6 – por detrás dos óculos (Quando as Nuvens Dançam – Reflexões de Quarta-feira) 

Sem eles, não sou nada. Preciso sempre dessa fina janela entre mim e o mundo para poder atuar. São tantos anos de vista profundamente embaçada que muitas vezes me esqueço deles. Chego a procurá-los por toda a casa para encontrá-los aqui mesmo, em cima do nariz. Os óculos ou as lentes são isso: funcionamento. Tudo na vida gira em torno disso.

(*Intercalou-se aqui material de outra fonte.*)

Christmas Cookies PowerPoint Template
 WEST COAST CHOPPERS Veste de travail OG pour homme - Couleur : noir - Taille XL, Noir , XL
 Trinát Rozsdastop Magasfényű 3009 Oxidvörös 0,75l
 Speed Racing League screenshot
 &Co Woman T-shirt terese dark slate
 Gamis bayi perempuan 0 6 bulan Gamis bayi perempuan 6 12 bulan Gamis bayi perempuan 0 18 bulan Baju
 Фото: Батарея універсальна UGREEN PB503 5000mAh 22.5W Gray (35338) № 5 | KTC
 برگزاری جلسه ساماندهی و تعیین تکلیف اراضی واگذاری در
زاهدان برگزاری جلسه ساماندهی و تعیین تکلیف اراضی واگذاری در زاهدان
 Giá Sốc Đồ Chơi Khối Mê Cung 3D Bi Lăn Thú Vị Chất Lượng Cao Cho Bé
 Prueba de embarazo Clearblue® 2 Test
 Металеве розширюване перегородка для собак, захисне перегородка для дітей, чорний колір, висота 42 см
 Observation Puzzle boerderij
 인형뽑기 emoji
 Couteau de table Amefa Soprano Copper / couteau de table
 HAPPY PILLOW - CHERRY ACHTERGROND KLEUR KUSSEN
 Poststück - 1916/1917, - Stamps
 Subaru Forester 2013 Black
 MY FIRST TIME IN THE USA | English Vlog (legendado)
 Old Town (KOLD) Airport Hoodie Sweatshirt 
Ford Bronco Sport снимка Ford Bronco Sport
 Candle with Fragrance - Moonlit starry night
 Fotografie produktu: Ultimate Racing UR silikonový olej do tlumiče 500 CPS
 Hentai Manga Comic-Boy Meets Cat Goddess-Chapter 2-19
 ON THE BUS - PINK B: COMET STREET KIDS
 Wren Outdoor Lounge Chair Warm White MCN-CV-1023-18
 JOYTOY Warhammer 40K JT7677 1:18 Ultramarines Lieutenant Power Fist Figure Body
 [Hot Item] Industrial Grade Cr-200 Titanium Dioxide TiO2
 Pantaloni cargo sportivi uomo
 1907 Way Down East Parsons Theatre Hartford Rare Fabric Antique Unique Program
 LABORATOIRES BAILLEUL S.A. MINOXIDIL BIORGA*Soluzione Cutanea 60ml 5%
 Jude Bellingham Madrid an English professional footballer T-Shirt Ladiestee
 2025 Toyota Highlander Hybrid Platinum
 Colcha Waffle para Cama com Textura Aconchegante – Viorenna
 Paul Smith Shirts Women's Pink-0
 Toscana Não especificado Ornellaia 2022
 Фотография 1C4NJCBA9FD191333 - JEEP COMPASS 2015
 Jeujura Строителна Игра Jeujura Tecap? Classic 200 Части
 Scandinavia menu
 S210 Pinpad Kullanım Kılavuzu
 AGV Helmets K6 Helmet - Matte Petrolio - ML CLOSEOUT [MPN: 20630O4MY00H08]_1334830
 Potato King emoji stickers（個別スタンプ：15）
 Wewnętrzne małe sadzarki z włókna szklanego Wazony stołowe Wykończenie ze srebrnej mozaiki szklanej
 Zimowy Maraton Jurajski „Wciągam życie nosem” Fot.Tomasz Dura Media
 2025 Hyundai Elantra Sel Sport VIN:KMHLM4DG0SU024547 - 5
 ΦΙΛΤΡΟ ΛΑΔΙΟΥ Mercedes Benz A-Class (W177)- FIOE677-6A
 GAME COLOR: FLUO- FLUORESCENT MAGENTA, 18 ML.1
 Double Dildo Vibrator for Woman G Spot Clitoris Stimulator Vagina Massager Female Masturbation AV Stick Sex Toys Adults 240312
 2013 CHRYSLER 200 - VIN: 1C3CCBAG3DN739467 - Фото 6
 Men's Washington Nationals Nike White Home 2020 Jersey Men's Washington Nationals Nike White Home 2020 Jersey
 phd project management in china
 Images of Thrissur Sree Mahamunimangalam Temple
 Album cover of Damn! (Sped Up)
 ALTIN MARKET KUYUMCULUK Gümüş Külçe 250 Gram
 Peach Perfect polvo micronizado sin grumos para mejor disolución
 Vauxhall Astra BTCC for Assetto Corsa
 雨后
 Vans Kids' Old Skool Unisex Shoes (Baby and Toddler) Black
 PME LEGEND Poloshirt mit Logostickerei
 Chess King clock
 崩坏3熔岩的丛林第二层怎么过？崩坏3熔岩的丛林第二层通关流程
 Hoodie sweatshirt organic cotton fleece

Portanto, além de todos os medos e angústias, há sempre esse adicional: e se quebrarem quando mais preciso?

Dizem que miopia começa com a negação da realidade. Não queremos ver e, pouco a pouco, os olhos atendem nosso desejo mais profundo. O mundo ao redor vai ficando cada vez mais difuso, as cores transbordam das coisas, a luz se esparrama, os rostos perdem a expressão, toda matéria se dilui em impressões que escorrem umas nas outras. Os momentos se fluidificam, líquidas as sensações onde os contornos inexistem. Por fora, parecemos ser como os outros. Eles esperam que nós os vejamos, que os reconheçamos e cumprimentemos, e se irritam quando não o fazemos. Que pessoa mais arrogante, passa por mim sem me ver! Mas não é só você, querido. 

Ao andar pelas ruas, emito pensamentos de baixa ou alta frequência e me movimento sentindo os ecos dos corpos ao meu redor. Mesmo com a muleta ocular, mal vejo. Não sei nem nunca soube funcionar. A cegueira parcial é viver na fronteira. Por mais que eu aprenda a normalidade aparente, o abismo insondável está sempre presente. Vou apalpando a existência em busca do caminho mais suave. Os obstáculos reinam, eu sinto todos em meu corpo. Mas assim que abro os olhos e desisto de ver, eles se desmancham em energia sem nome e sem emoção. Quando o radar é amoroso, em meio à escuridão, só a alegria conduz. Abster-se de entender é começar a dançar.